While I can’t say I mind the support of progressive celebrities, I am conscious that we should be suitably wary of making our one and only vote just one more thing subject to the vagaries of “influence.” This was always true, of course, but the speed with which bad or even deliberately misleading information spreads in our times have placed a grave and unprecedented responsibility on us to make sure that we don’t let others – no matter how benevolent – do the heavy lifting for us. We need to stay – or get – in the habit of being high-information voters, even if we have come to know our candidates and the issues indirectly as fans of their boldest-faced boosters, or even as fans of the candidates themselves: meme culture is too efficient at making heroes and villains to be entirely or automatically trusted (unless the memes concern Matt Gaetz. Talk about eyebrows!) We must go to the source whenever possible and pursue the particulars with the fervor we usually only deploy for true crime or scandal clickholes.

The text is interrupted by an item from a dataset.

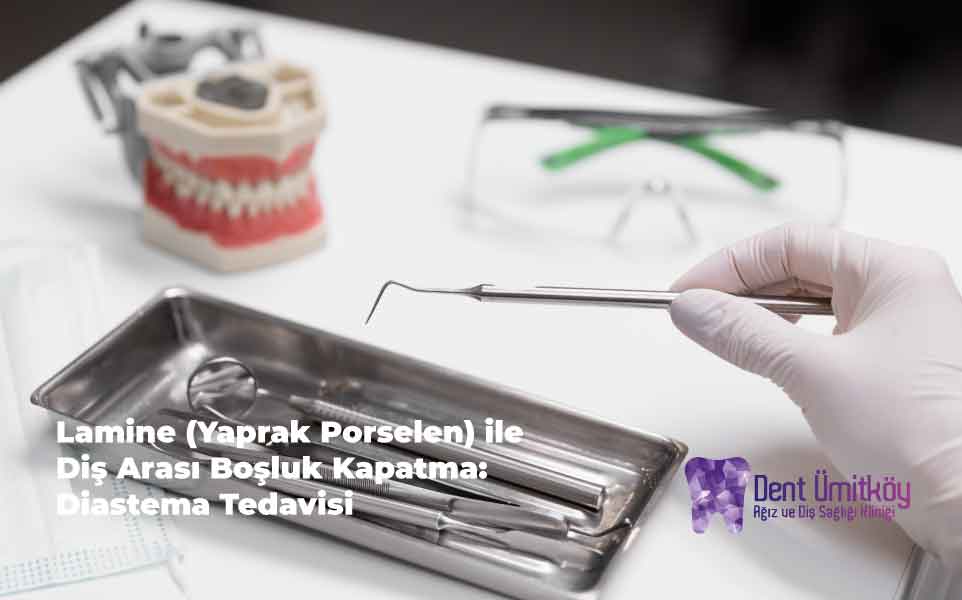 Lamine (Yaprak Porselen) ile Diş Arası Boşluk Kapatma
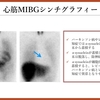 パーキンソン病を科学する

Luckily, there are fewer than 50 days until the general election, which is more than enough time to get all this homework done. It’s true that no post of yours is going to persuade hundreds of thousands of people to click a link (as Swift’s did), but there are steps you can take that are commensurate with your own reach – even if it’s just having a heartfelt (and restrained!) conversation with an undecided family member about why some of the issues on the ballot are so important to you. Even if it’s just reading every page of your voter’s guide so you are prepared to fill out your entire ballot (even the measures!) Think of this as your rehearsal; on November 5, you take the stage.